=== Provided entries ===

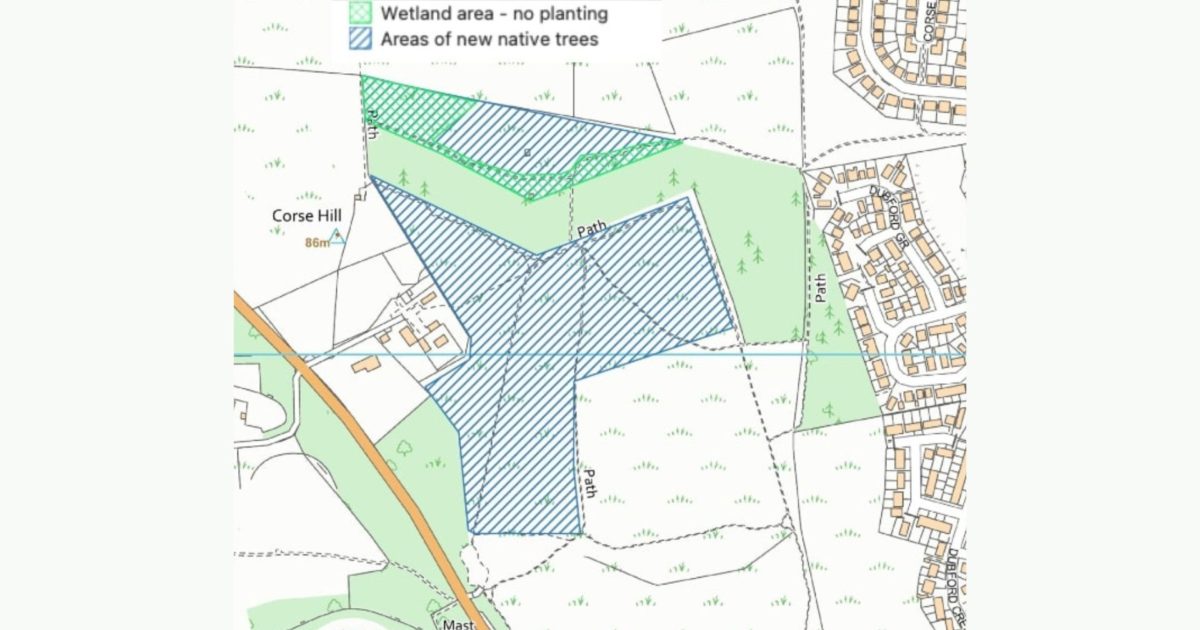 OpenGraph Image for Public consultation for woodland at Scotstown Moor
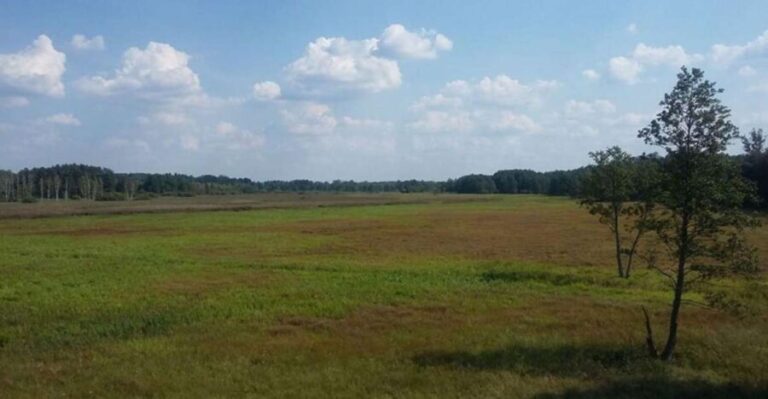 Warsaw: Bialowieza National Park and European Bison Tour - Who Should Consider This Tour?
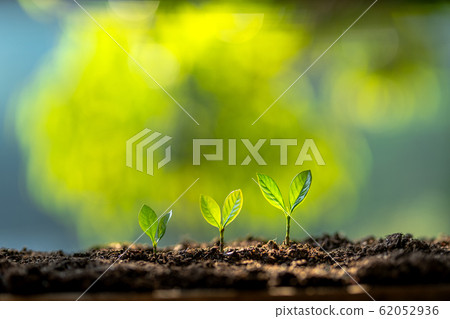 Growing trees arranged on the ground nature Growing trees arranged on the ground nature 62052936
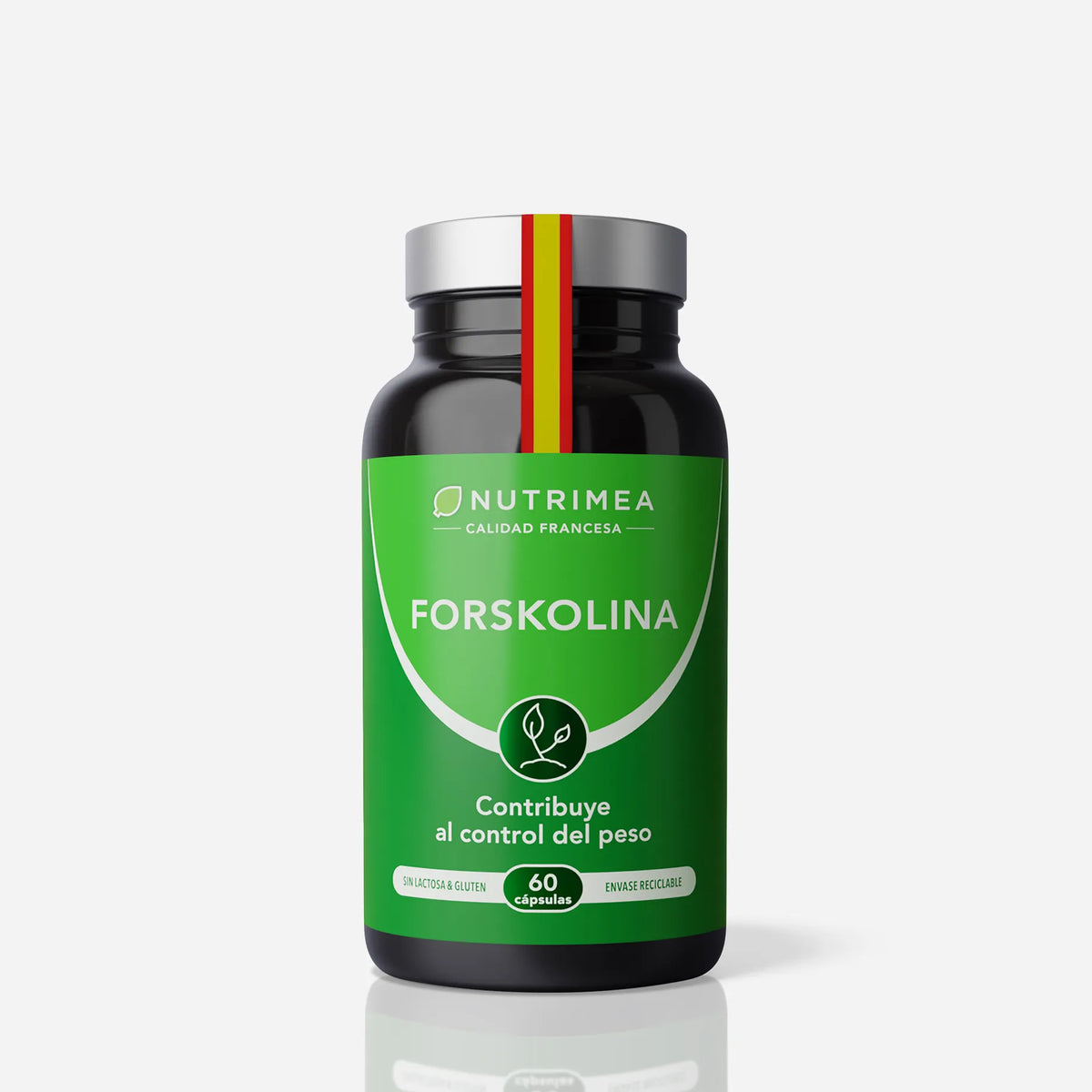 Forskolina | Coleus Forskohlii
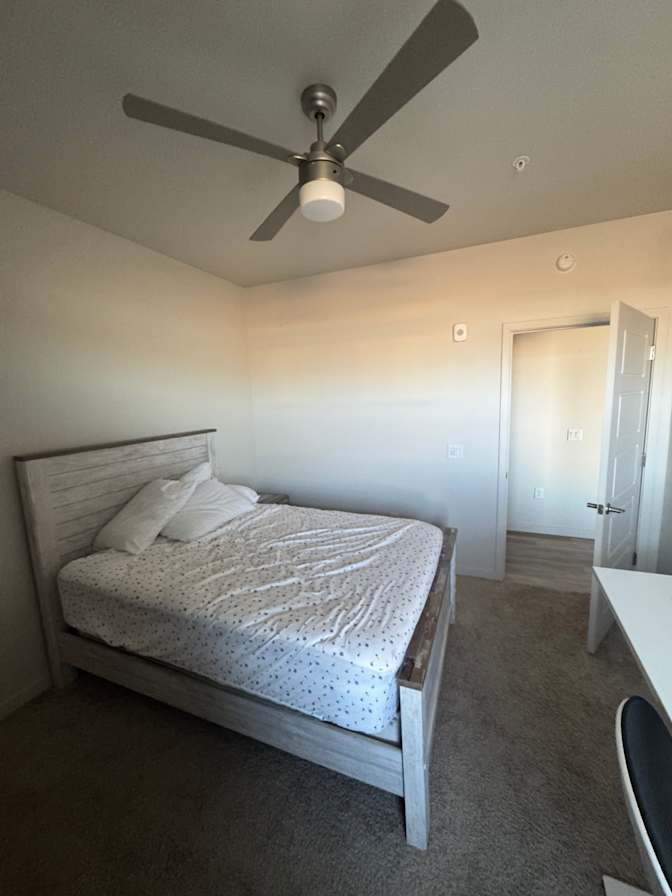 Zach's room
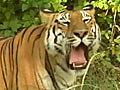 Team Purab spots the big cat in Pench tiger reserve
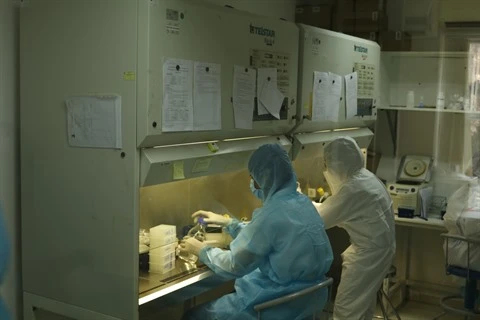 COVID-19: le vaccin "made in Vietnam" se révèle efficace sur la souris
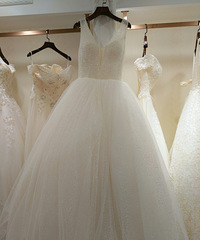 �������ֲ��Ƽ�����ɴ ��� ���Ʒ�3��ֻ����1600��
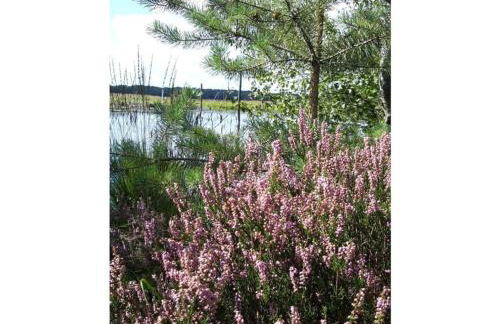 Apartment at the Eichenpark - Foto 19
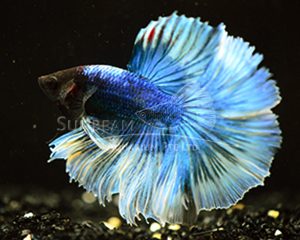 Betta splendens HM green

===

Take the line that contains "Team Purab spots" and all lines after it to the end of the material above, and copy them verbatim without any images.

 Team Purab spots the big cat in Pench tiger reserve
 COVID-19: le vaccin "made in Vietnam" se révèle efficace sur la souris
 �������ֲ��Ƽ�����ɴ ��� ���Ʒ�3��ֻ����1600��
 Apartment at the Eichenpark - Foto 19
 Betta splendens HM green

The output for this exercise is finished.